Exercise material Start Marker

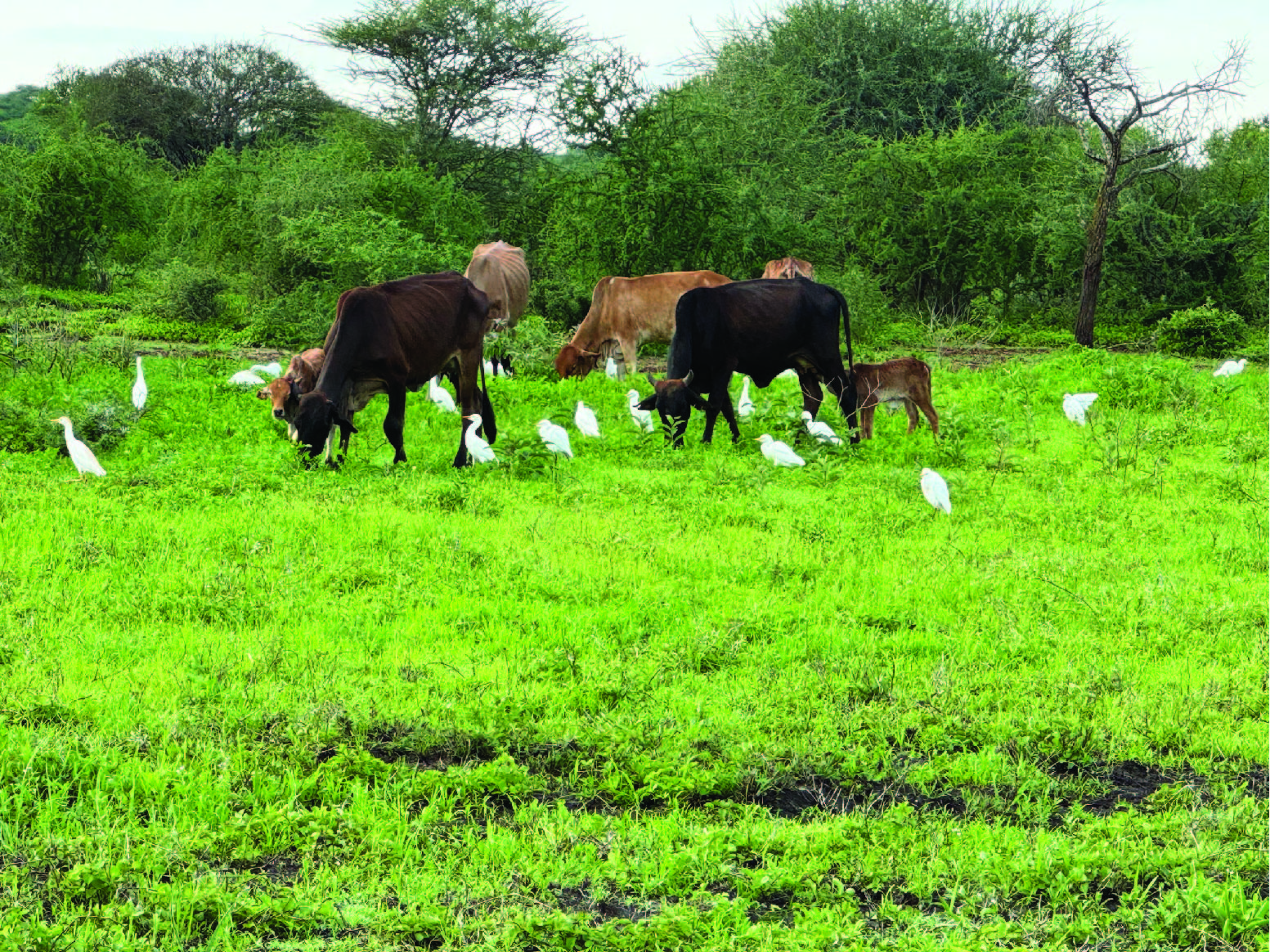 Community members working together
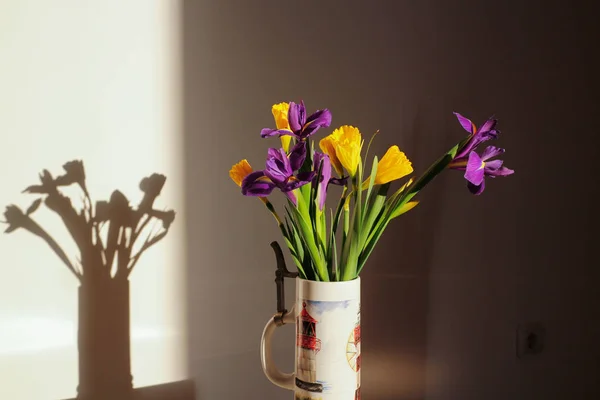 Les jonquilles et les iris colorés . — Photo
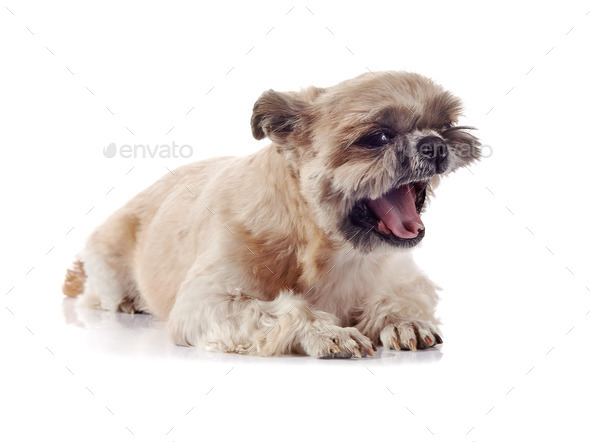 Small doggie of breed of a shih-tzu (Misc) Photo Download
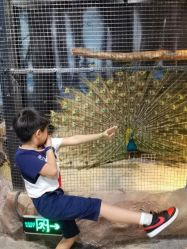 -酷嗒动物文化乐园(cutezoo西溪乐天城店)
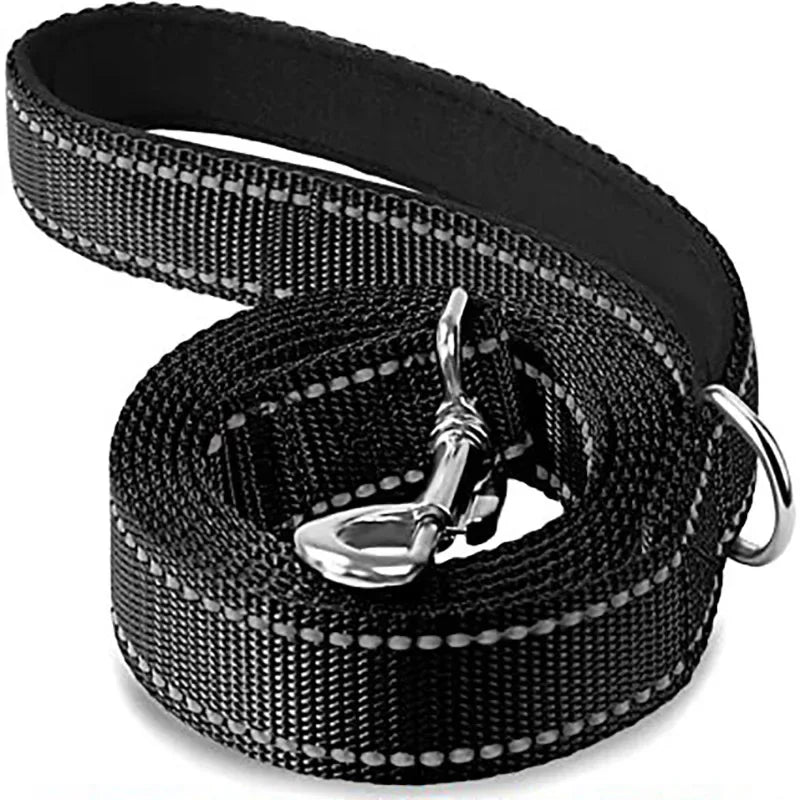 Tailented LeadFlow™ – Nylon Reflective Dog Leash for Everyday Walks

Exercise material End Marker

**Instructions to follow:**
Could you set down the records above word for word, without any of the pictures?

**Response to the exercise:**
 Community members working together
 Les jonquilles et les iris colorés . — Photo
 Small doggie of breed of a shih-tzu (Misc) Photo Download
 -酷嗒动物文化乐园(cutezoo西溪乐天城店)
 Tailented LeadFlow™ – Nylon Reflective Dog Leash for Everyday Walks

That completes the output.